◆ Task directions ◆
Set down the entries exactly. No line may differ from its source.

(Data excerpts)
_____
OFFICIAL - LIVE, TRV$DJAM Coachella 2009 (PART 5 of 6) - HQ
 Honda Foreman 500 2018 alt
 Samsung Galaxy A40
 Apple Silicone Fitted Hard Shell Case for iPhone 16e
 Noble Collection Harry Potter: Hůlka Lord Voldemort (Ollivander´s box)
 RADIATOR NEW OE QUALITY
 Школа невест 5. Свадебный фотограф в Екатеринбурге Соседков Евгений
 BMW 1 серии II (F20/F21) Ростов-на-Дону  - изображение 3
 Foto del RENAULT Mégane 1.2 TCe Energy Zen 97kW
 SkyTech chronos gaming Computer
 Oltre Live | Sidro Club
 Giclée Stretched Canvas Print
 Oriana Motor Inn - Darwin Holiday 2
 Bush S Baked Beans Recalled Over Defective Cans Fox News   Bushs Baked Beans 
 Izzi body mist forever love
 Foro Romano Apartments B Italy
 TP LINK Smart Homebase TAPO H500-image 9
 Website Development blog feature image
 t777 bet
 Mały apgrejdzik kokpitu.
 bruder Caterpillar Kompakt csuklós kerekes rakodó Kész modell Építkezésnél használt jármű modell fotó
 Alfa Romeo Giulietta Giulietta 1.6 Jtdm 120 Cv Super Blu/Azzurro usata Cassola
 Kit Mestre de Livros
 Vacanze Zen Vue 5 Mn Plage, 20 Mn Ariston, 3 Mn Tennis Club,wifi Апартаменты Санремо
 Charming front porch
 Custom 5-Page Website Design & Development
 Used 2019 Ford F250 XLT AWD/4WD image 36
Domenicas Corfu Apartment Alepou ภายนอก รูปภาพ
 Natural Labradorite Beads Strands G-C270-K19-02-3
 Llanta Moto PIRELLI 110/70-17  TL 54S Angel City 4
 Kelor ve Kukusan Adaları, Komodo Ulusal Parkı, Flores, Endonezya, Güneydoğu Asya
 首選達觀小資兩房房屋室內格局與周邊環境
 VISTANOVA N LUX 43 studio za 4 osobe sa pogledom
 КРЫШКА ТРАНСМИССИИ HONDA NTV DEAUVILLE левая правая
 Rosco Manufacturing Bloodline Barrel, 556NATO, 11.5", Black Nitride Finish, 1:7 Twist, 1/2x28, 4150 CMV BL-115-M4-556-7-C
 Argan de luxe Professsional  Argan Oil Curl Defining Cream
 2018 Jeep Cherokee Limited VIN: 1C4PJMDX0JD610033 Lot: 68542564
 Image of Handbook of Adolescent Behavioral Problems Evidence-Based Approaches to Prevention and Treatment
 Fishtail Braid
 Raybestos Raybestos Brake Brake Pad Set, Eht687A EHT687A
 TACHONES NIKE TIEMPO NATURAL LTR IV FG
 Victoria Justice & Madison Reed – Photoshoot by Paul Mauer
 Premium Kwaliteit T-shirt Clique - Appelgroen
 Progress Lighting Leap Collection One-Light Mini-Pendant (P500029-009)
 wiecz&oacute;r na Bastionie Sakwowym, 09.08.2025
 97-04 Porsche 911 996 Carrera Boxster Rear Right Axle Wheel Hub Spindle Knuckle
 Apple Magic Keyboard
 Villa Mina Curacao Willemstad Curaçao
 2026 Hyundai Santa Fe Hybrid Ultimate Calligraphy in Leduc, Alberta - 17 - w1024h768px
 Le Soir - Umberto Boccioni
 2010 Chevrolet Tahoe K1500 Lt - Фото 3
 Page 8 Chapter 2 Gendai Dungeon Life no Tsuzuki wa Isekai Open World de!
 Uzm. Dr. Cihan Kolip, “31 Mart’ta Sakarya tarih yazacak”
_____
◆ Solved exercise ◆
OFFICIAL - LIVE, TRV$DJAM Coachella 2009 (PART 5 of 6) - HQ
 Honda Foreman 500 2018 alt
 Samsung Galaxy A40
 Apple Silicone Fitted Hard Shell Case for iPhone 16e
 Noble Collection Harry Potter: Hůlka Lord Voldemort (Ollivander´s box)
 RADIATOR NEW OE QUALITY
 Школа невест 5. Свадебный фотограф в Екатеринбурге Соседков Евгений
 BMW 1 серии II (F20/F21) Ростов-на-Дону  - изображение 3
 Foto del RENAULT Mégane 1.2 TCe Energy Zen 97kW
 SkyTech chronos gaming Computer
 Oltre Live | Sidro Club
 Giclée Stretched Canvas Print
 Oriana Motor Inn - Darwin Holiday 2
 Bush S Baked Beans Recalled Over Defective Cans Fox News   Bushs Baked Beans 
 Izzi body mist forever love
 Foro Romano Apartments B Italy
 TP LINK Smart Homebase TAPO H500-image 9
 Website Development blog feature image
 t777 bet
 Mały apgrejdzik kokpitu.
 bruder Caterpillar Kompakt csuklós kerekes rakodó Kész modell Építkezésnél használt jármű modell fotó
 Alfa Romeo Giulietta Giulietta 1.6 Jtdm 120 Cv Super Blu/Azzurro usata Cassola
 Kit Mestre de Livros
 Vacanze Zen Vue 5 Mn Plage, 20 Mn Ariston, 3 Mn Tennis Club,wifi Апартаменты Санремо
 Charming front porch
 Custom 5-Page Website Design & Development
 Used 2019 Ford F250 XLT AWD/4WD image 36
Domenicas Corfu Apartment Alepou ภายนอก รูปภาพ
 Natural Labradorite Beads Strands G-C270-K19-02-3
 Llanta Moto PIRELLI 110/70-17  TL 54S Angel City 4
 Kelor ve Kukusan Adaları, Komodo Ulusal Parkı, Flores, Endonezya, Güneydoğu Asya
 首選達觀小資兩房房屋室內格局與周邊環境
 VISTANOVA N LUX 43 studio za 4 osobe sa pogledom
 КРЫШКА ТРАНСМИССИИ HONDA NTV DEAUVILLE левая правая
 Rosco Manufacturing Bloodline Barrel, 556NATO, 11.5", Black Nitride Finish, 1:7 Twist, 1/2x28, 4150 CMV BL-115-M4-556-7-C
 Argan de luxe Professsional  Argan Oil Curl Defining Cream
 2018 Jeep Cherokee Limited VIN: 1C4PJMDX0JD610033 Lot: 68542564
 Image of Handbook of Adolescent Behavioral Problems Evidence-Based Approaches to Prevention and Treatment
 Fishtail Braid
 Raybestos Raybestos Brake Brake Pad Set, Eht687A EHT687A
 TACHONES NIKE TIEMPO NATURAL LTR IV FG
 Victoria Justice & Madison Reed – Photoshoot by Paul Mauer
 Premium Kwaliteit T-shirt Clique - Appelgroen
 Progress Lighting Leap Collection One-Light Mini-Pendant (P500029-009)
 wiecz&oacute;r na Bastionie Sakwowym, 09.08.2025
 97-04 Porsche 911 996 Carrera Boxster Rear Right Axle Wheel Hub Spindle Knuckle
 Apple Magic Keyboard
 Villa Mina Curacao Willemstad Curaçao
 2026 Hyundai Santa Fe Hybrid Ultimate Calligraphy in Leduc, Alberta - 17 - w1024h768px
 Le Soir - Umberto Boccioni
 2010 Chevrolet Tahoe K1500 Lt - Фото 3
 Page 8 Chapter 2 Gendai Dungeon Life no Tsuzuki wa Isekai Open World de!
 Uzm. Dr. Cihan Kolip, “31 Mart’ta Sakarya tarih yazacak”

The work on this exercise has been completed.